Après la demi-déception Le vent se lève auquel il manquait, selon moi, la magie des chefs d'œuvre de Miyazaki, voici venu Le Garçon et le Héron. Projet surprise, capable d'enflammer la toile avec une seule image, le dernier bébé du maître de l'animation japonaise s'inscrit-il dans l'héritage de ces immenses prédécesseurs ?
Évacuons d'emblée l'évidence ; le film est beau. Il est même magnifique. Les arrières plans sont extrêmement travaillés, tout fourmille de détails, c'est riche, coloré, vivant. Bref, d'un simple point de vue esthétique, Le Garçon et le Héron vaut déjà le détour. On y retrouve pêle-mêle toutes les obsessions de son auteur, comme ce rapport très sensuel aux fluides, qu'il s'agisse de transpiration, d'un océan, de nourritures, etc.
Comme on pouvait s'y attendre, les designs des différents protagonistes s’avèrent aussi très réussis. Comme un bilan de sa carrière, Miyazaki pioche dans sa propre mythologie pour offrir aux spectateurs des personnages haut en couleur, ce qui fait naître un étrange sentiment ; celui de connaître déjà tous ces personnages mais, en même temps, de les découvrir. Les perruches, à la fin drôles et effrayants de part leur nombre, sont l'une des grandes réussites du film. Aucune de leurs expressions ou de leurs gestes n'est anodine.
Il serait aisé de lister toutes les idées dont fourmille le long métrage mais ma véritable crainte avant d'aller voir le film portait sur l'histoire. Alors, Miyazaki a-t-il perdu sa capacité à faire rêver à travers des univers riches et enivrants ?
L'histoire que raconte Le Garçon et le Héron pourrait paraître assez simple ; un enfant traverse une sorte de portail qui va le transporter dans un autre monde. Mais réduire le film a ce simple concept serait bien triste. En réalité, Miyazaki nous offre une œuvre extrêmement dense, qui propose de nombreux niveaux de lectures. Ce monde étrange où se retrouve Mahito, le personnage principal, fait en réalité office de parcours initiatique pour son jeune héros. Après la mort tragique de sa mère, ce dernier se doit de faire son deuil, symbolisé par le feu. Mais, thème plus intéressant, il se retrouve aussi à devoir accepter Natsuko, sa nouvelle mère. L'aventure est tournée autour de cette quête, jusqu'à la scène mémorable où Natsuko accouche métaphoriquement de Mahito.
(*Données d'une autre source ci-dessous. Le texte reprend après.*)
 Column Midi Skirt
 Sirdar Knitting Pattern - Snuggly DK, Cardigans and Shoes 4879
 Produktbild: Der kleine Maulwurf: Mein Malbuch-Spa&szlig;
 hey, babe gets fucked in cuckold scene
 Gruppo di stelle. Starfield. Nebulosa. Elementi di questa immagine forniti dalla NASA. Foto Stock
Le film est sujet à de multiples interprétations. Hayao Miyazaki s'en amuse même parfois, à travers de dialogues qui peuvent sonner méta, jusqu'à la scène finale, où le bâtisseur de cet étrange monde ne peut que faire penser à Miyazaki lui-même. A travers ses thèmes variés, Le Garçon et le Héron est un film passionnant, qui ne tombe jamais dans la facilité. Ses différentes couches de lecture ne perturbent pourtant en rien l'action. Le film est dynamique et très bien rythmé : haletant quand il doit l'être et contemplatif quand il le faut. Le tout, évidemment, accompagné d'une excellente bande originale.
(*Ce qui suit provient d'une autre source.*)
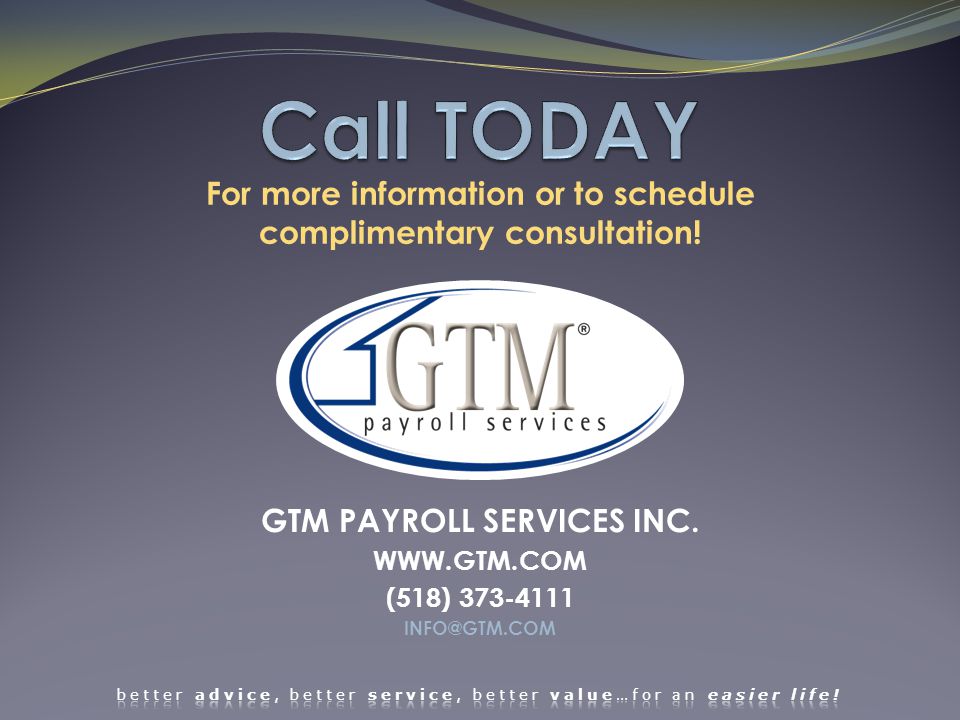 GTM PAYROLL SERVICES INC.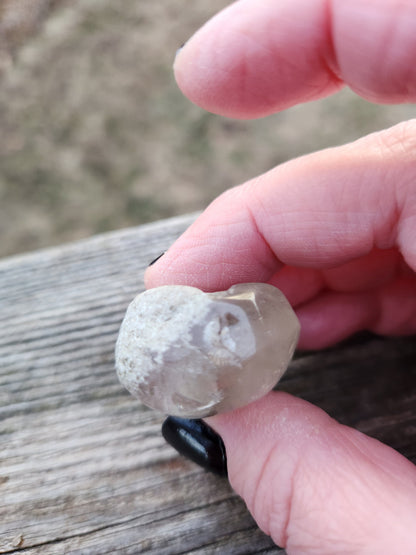 Gorgeous High Quality Smoky Garden Quartz Crystal Tumble, Lodolite, Dream Stone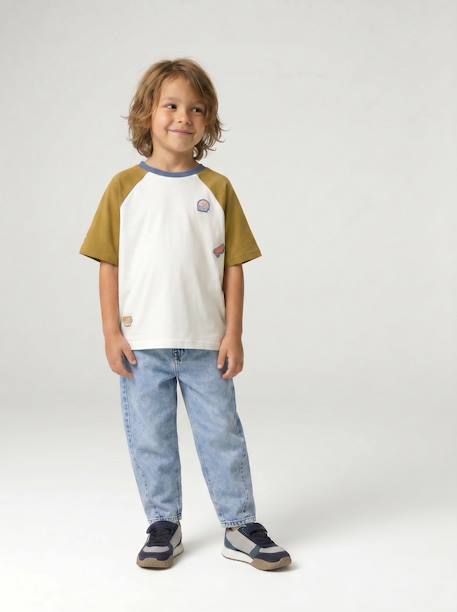 Straight-leg jeans for boys double stone - vertbaudet enfant 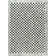 Aryas Checkered Machine Woven Polyester Area Rug in Black/Cream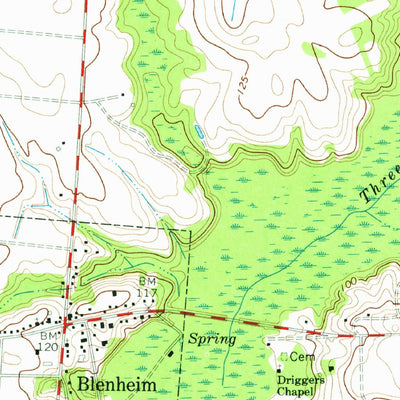 United States Geological Survey Bennettsville South, SC (1972, 24000-Scale) digital map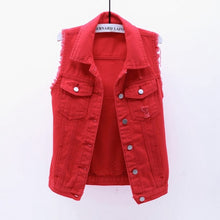 Load image into Gallery viewer, OKXGNZ Women Plus Size Denim Sleeveless Vest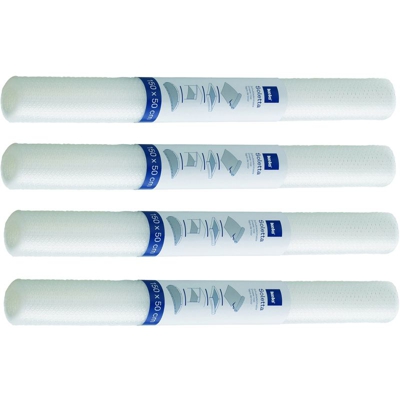 390166 set di tappetini antiscivolo, 4 pezzi, Ritagliabili, per cassetti e ripiani, 150 x 50 cm, Soletta, trasparente - Kela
Puisque c'est l'exercice de la critique qui le veut, il ne serait pas envisageable de mettre un point final sans évoquer les possibles défauts du long métrage. En réalité, je n'aurais qu'une remarque à formuler qui porte sur le comportement du personnage principal ; alors que Mahito est censé être un enfant, son comportement se rapproche bien trop de celui d'un adulte, ce qui engendre de la confusion dans la lecture de l'action et dans la façon de considérer ce personnage, qui n'a parfois d'enfant que les traits. Cette caractéristique ne semble toutefois pas incohérente dans l'autre monde mais elle n'a pas de véritable raison dans le "vrai" monde. C'est un reproche que je pourrais certainement faire à toute la filmographie de Miyazaki, mais il se trouve, dans le cas du Garçon et du Héron, accentué.
D'une démesure folle, Le Garçon et le Héron est un pari réussi haut la main par Hayao Miyazaki. Le film est passionnant, magnifique et tellement généreux. Comme un bilan de sa carrière, Miyazaki y fait côtoyer toutes les obsessions qui ont fait de lui l'un des géants du cinéma. Plus qu'une immense auto référence, Le Garçon et le Héron ne cesse de requestionner les thèmes essentiels de la filmographie de son auteur. Le fan de toujours y retrouvera la magie des grands classiques, avec la fraîcheur de la nouveauté et la fougue de la jeunesse d'un octogénaire. Les néophytes, quant à eux, apprécieront une œuvre extrêmement riche, véritable porte d'entrée vers l'univers de Miyazaki.